= Exercise =
Below are records with pictures; copy word for word only the lines between the line with "Fluffy - aufgeweckter Kerl sucht dich!" and the line with "Dachbegrünung mit Wassermanagement", inclusive, and drop the pictures.
Listed entries Block Start
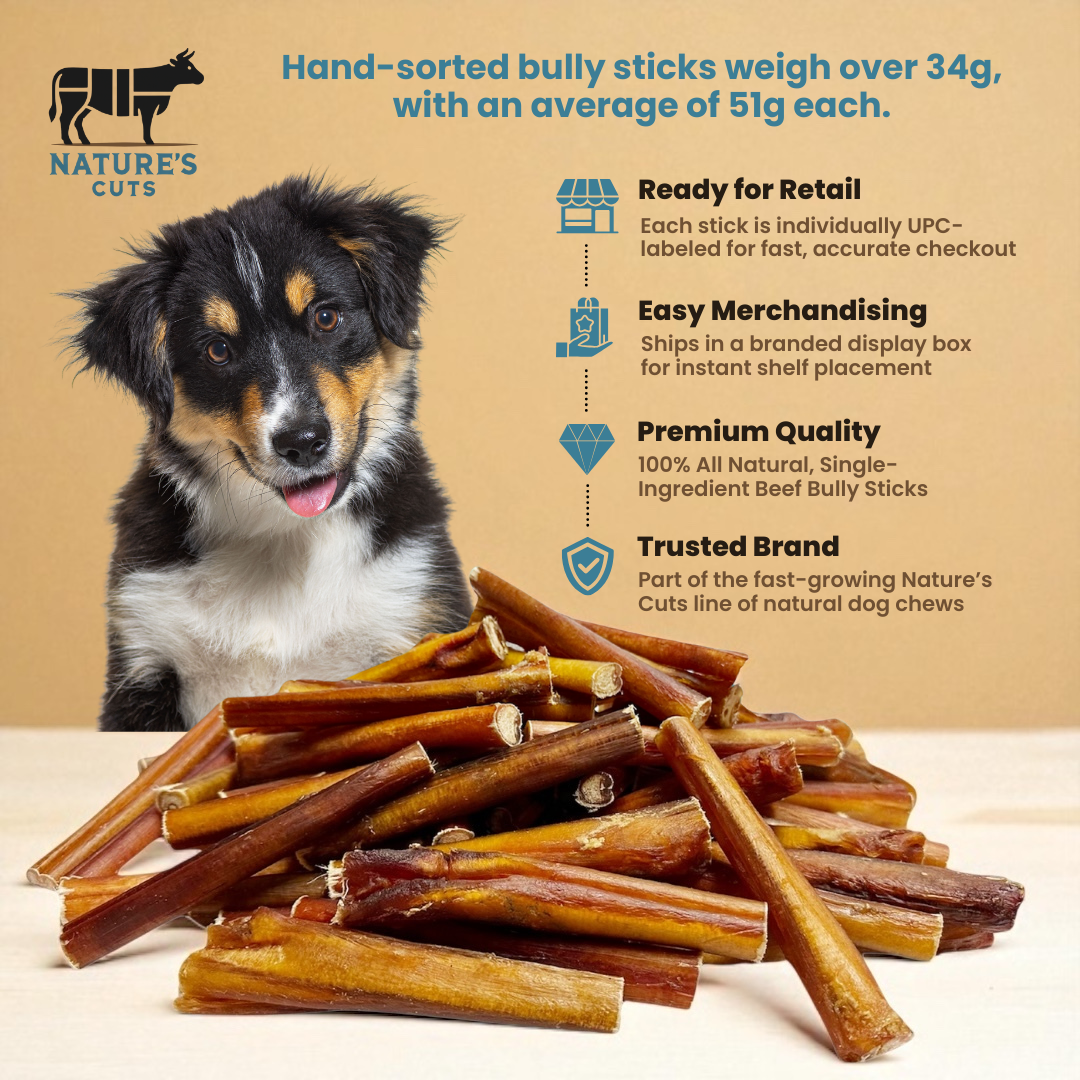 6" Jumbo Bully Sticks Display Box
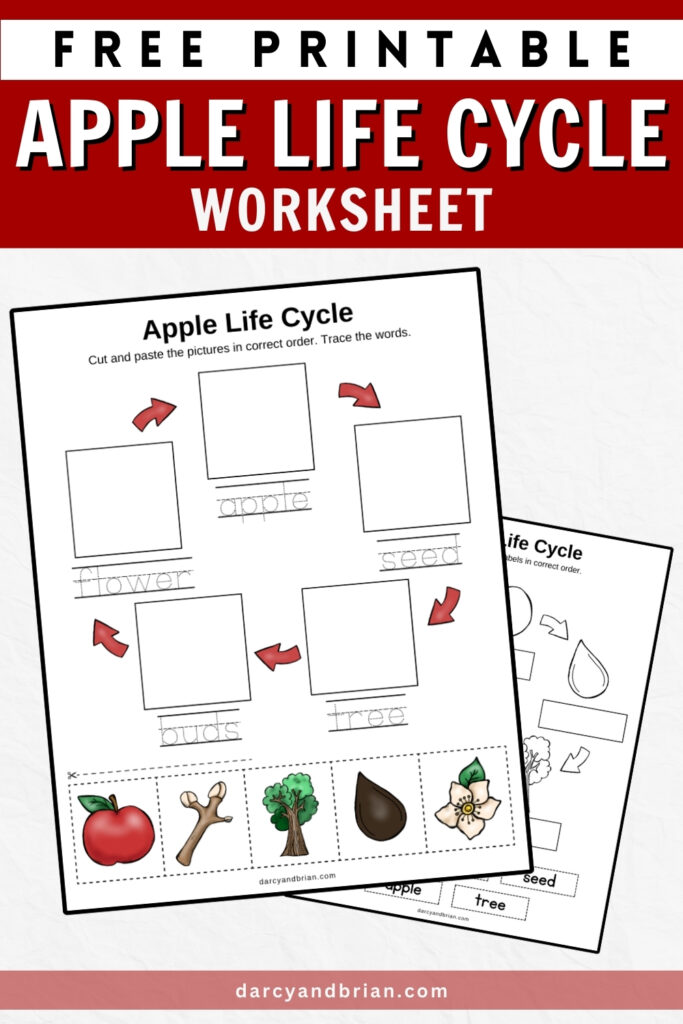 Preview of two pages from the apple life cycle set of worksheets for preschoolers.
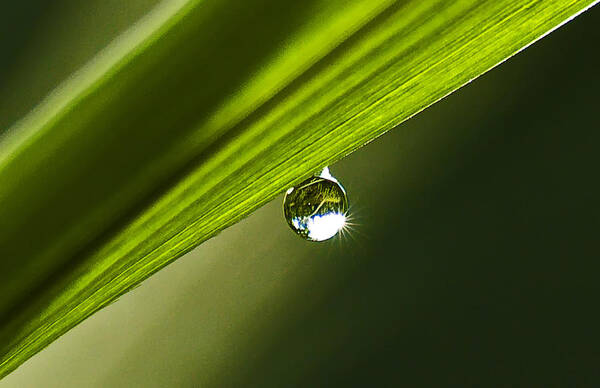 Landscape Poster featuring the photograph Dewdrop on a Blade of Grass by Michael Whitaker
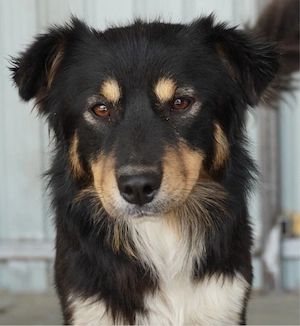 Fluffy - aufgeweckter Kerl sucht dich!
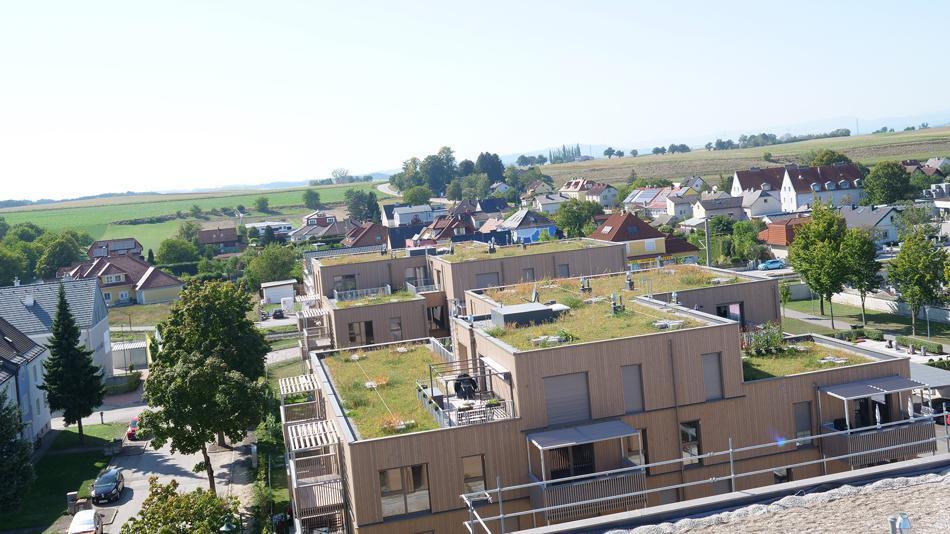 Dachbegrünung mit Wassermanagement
Listed entries Block End
Listed entries Block Start
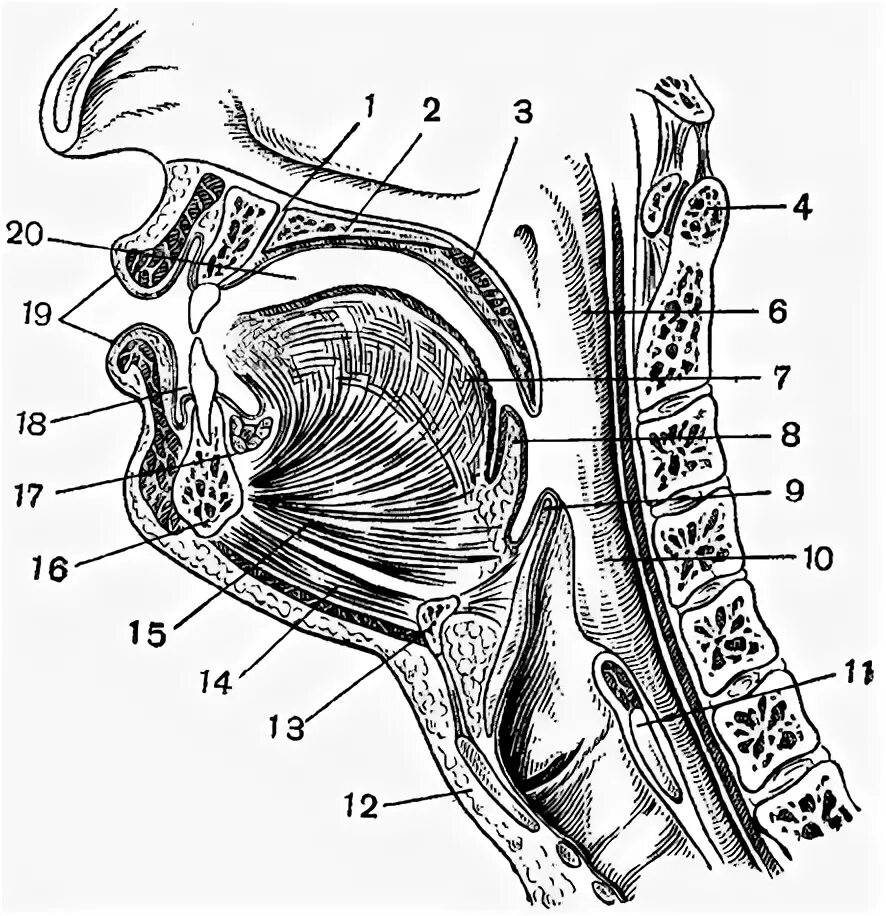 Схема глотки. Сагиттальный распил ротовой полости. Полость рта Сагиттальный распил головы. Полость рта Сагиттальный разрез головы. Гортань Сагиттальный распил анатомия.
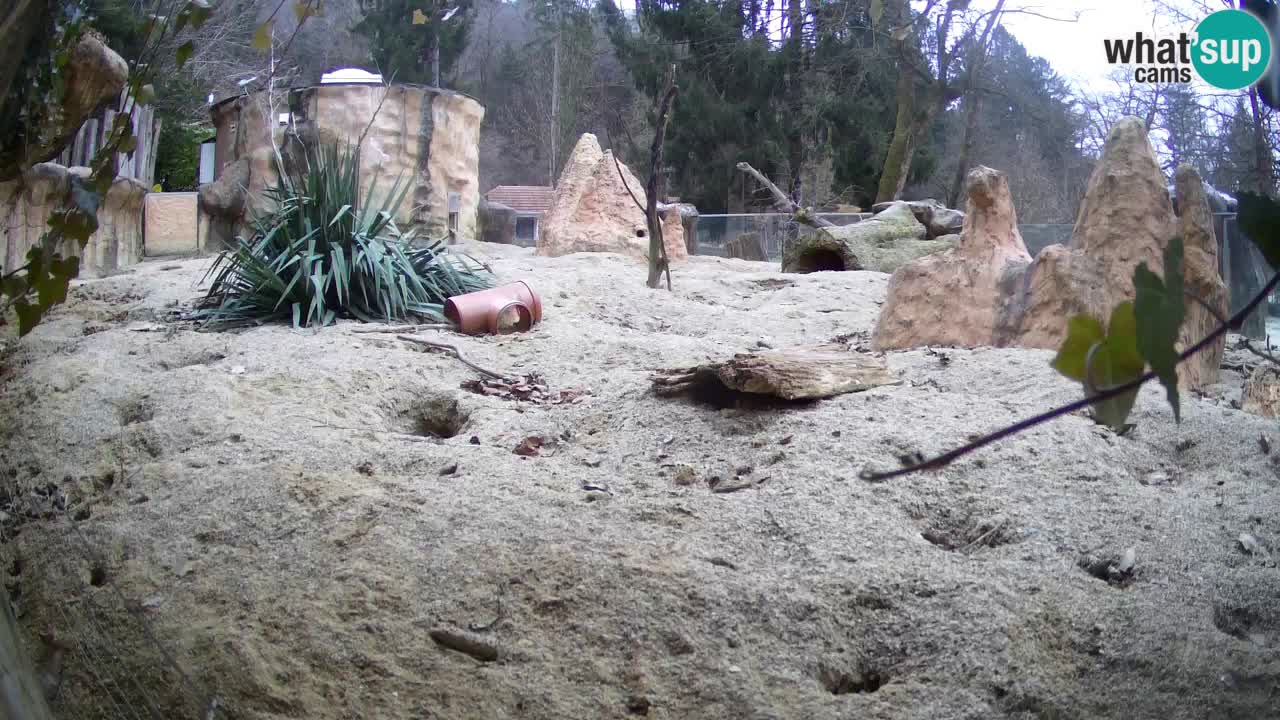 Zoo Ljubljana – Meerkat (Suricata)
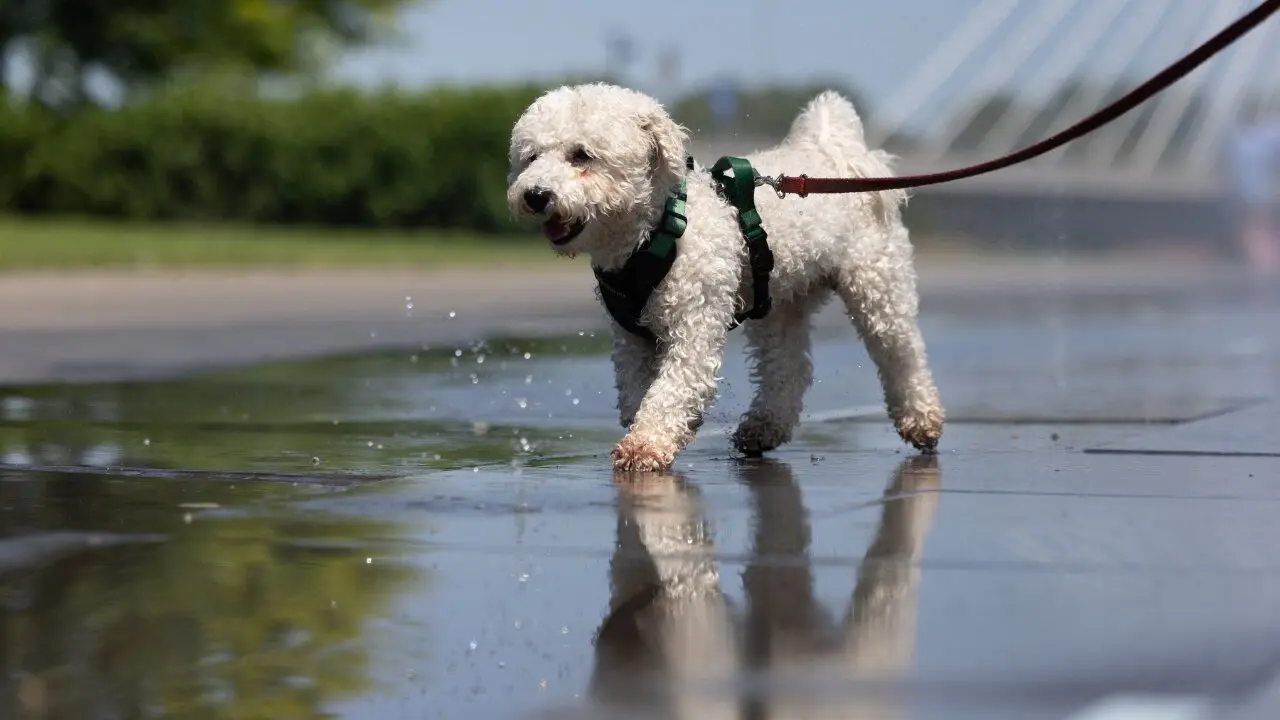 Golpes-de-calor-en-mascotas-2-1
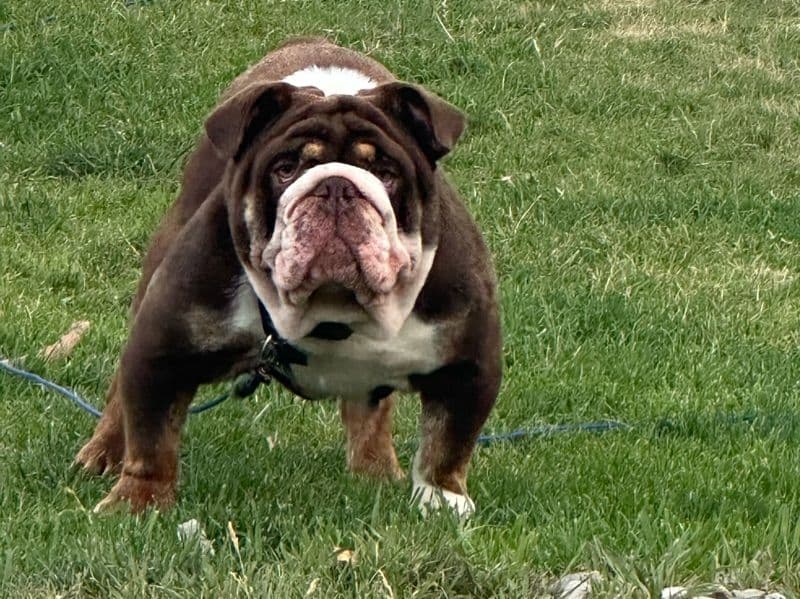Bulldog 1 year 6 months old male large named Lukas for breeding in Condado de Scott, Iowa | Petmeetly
Listed entries Block End
= Written answer =
 Fluffy - aufgeweckter Kerl sucht dich!
 Dachbegrünung mit Wassermanagement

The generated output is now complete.